Die entsprechenden Regelungen für Verkehrssubventionierung sind im EU-Regelwerk CE 1370/2007 enthalten. Die  2013 für die Einstellung der Subventionszahlungen Verantwortlichen, der damalige Bürgermeister Mihai Stepanescu und sein Vize Crina (die laut Aussagen des Rathauspersonals die Entscheidung zuerst unter sich abgesprochen hatten), haben zwei Jahre zuvor im Stadtrat Reschitza den Beschluss HCL 178/08.06.2011 durchgesetzt, durch den der Nahverkehr von Reschitza der Spedition Ro-a-Tir in Form eines Vertrags für Öffentliche Dienstleistungen für sechs Jahre überlassen wurde. Ab September 2011 war das dann umgesetzt worden.

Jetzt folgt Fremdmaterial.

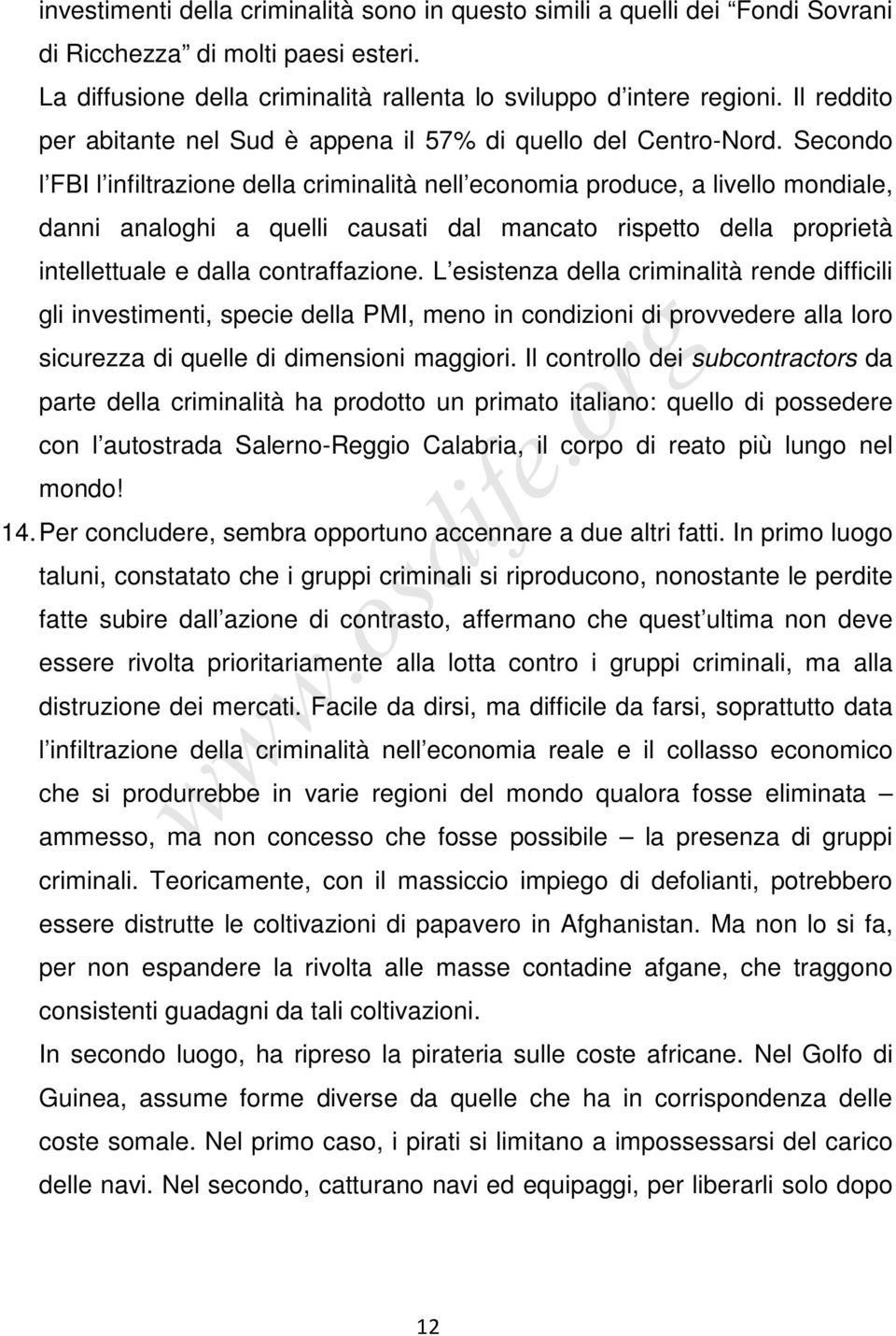 Secondo l FBI l infiltrazione della criminalità nell economia produce, a livello mondiale, danni analoghi a quelli causati dal mancato rispetto della proprietà intellettuale e dalla contraffazione.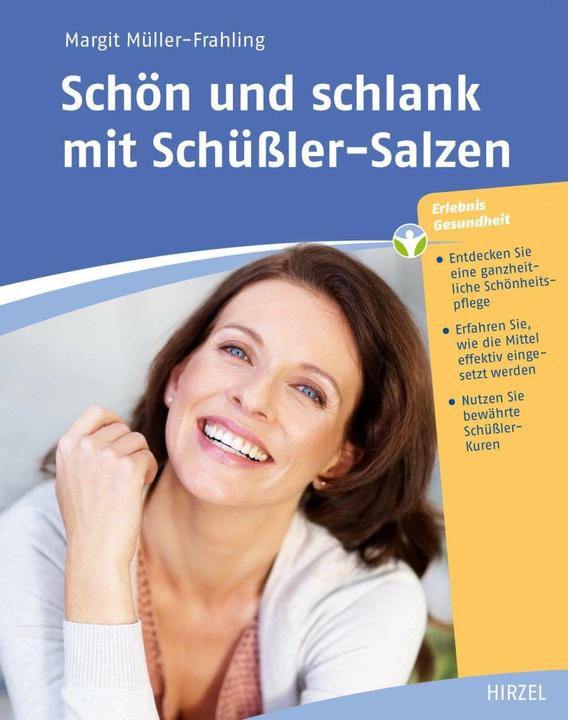 Produktbild Schön und schlank mit Schüssler-Salzen (Deutsch, Margit Müller-Frahling, 2015)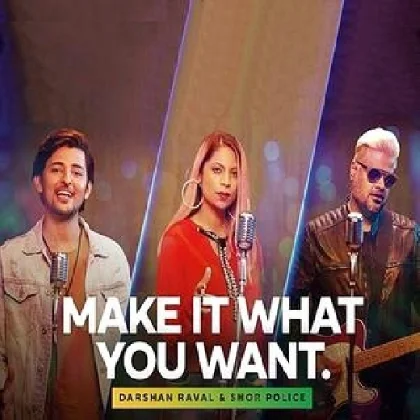 Make It What You Want - Darshan Raval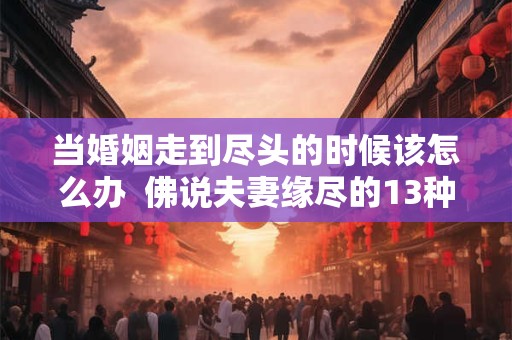 当婚姻走到尽头的时候该怎么办  佛说夫妻缘尽的13种表现
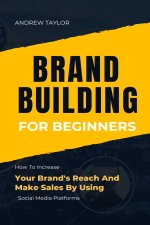 BRAND BUILDING FOR BEGINNERS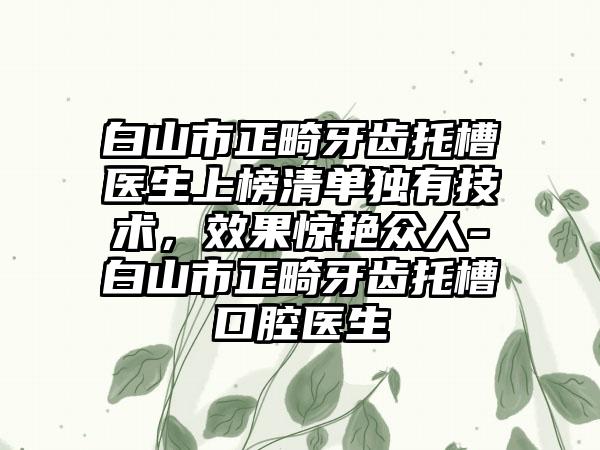 白山市正畸牙齿托槽医生上榜清单独有技术，效果惊艳众人-白山市正畸牙齿托槽口腔医生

Inzwischen steht fest, dass die „Fachleute“ des Rathauses Reschitza, die den Vertrag ausgearbeitet haben, keine blasse Ahnung  von den EU-Regelungen im Bereich gehabt haben – obwohl zu jenem Zeitpunkt Rumänien bereits seit dreieinhalb Jahren EU-Mitglied war. Das Reglement (EU-Kürzel: CE) 1370/23.Oktober 2007, für das das EU-Parlament und der Rat zeichnen, bezieht sich auf öffentliche Dienstleistungen im Schienen- und Straßen-Reiseverkehr und definiert die Art und Weise, wie „kompetente Kommunal- oder andere Behörden“ im öffentlichen Personenverkehr eingreifen können, um diese Dienstleistungen am Bürger, die von allgemeinem Interesse sind, zu garantieren und zu stützen.

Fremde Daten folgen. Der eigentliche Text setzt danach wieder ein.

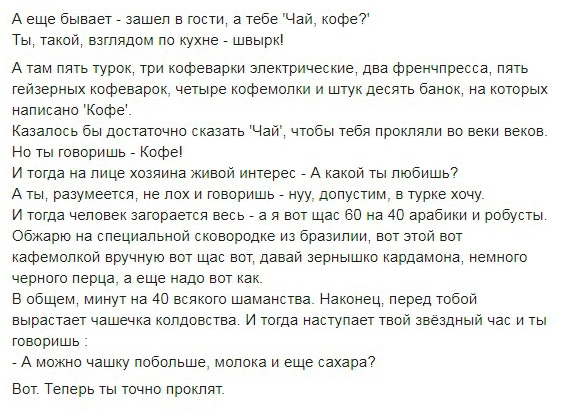 А еще бывает зашеп в гости а тебе Чай косре7 Ты такой взтпядом по кухне швыркп А там пять турок три кофеварки зпектрические два орреннпресса пять гейзерных кофеварок четыре кооремопки и штук десять банок на которых написано Кофе казалось бы достаточно сказать Чай чтобы тебя прокпяли во веки веков Но ты говоришь Кофе и тогда на пице хозяина кивой интерес А какой ты тобишь А ты разумеется не пох и г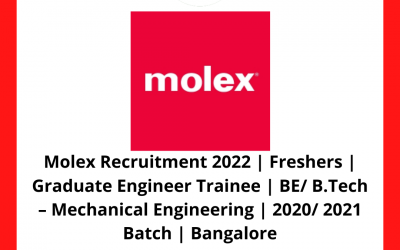 Molex Recruitment 2022 | Freshers | Graduate Engineer Trainee | BE/ B.Tech – Mechanical Engineering | 2020/ 2021 Batch | Bangalore
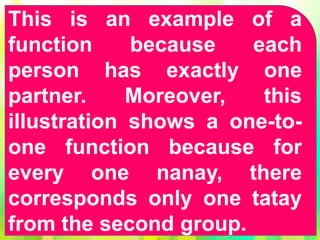 This is an example of a
function because each
person has exactly one
partner. Moreover, this
illustration shows a one-to-
one function because for
every one nanay, there
corresponds only one tatay
from the second group.
 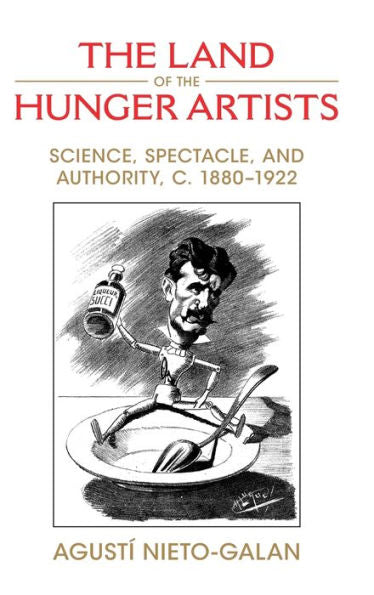 The Land Of The Hunger Artists: Science, Spectacle And Authority, C.1880–1922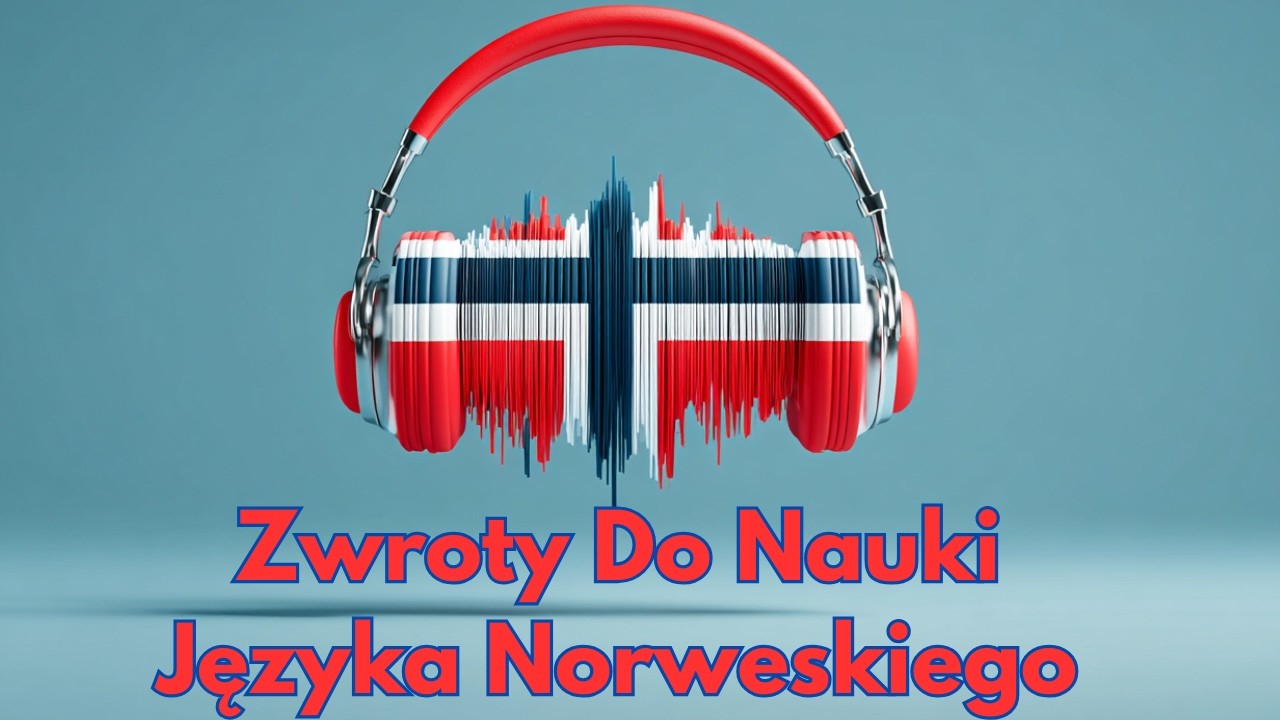 Zdania w Języku Norweskim Do Słuchania - Norweski Dla Początkujących - Nauka Norweskiego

Außerdem werden die Bedingungen festgelegt, unter welchen die „kompetenten Behörden“, im Falle der vertragsmäßigen Bindung an öffentliche Dienstleistungen dieses Bereichs, die Betreiber solcher Verkehrs- und Transportdienstleistungen  in Form von „Kompensationen“vergüten können. Das bezieht sich sowohl auf die Subventionierung der Kosten solcher Dienstleistungen, wie auch auf die Gewährung von „eventuellen Exklusivrechten“ sollten die Vertragsverpflichtungen voll und ganz erfüllt werden.

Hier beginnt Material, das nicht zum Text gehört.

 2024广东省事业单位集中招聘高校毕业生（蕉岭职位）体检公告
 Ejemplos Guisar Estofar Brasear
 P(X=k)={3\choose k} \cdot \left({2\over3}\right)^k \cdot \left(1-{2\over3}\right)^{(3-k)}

Die Schlamperei des Rathauses bei der allzu großzügigen Festlegung (und vertraglich eingegangenen) Kompensierung/Subventionierung wurde von jenem Bukarester Team (SC Metroul Bucureşti SA) aufgedeckt, welches im Auftrag der Stadt einen Mobilitätsplan für die nächsten Jahrzehnte ausgearbeitet hat. Das Team schreibt in seinen Schlussfolgerungen: „Solange die bestehende Situation anhält und der Vertrag nicht an die europäischen Regelungen angepasst wird, riskiert das Munizipium Reschitza, dass seitens der EU ein Vertragsverletzungsverfahren eingeleitet werden kann, weil der Vertrag unfaire Konkurrenz auf dem Markt der Nahverkehrsdienstleistungen begünstigt und weil eine Überkompensierung praktiziert wird.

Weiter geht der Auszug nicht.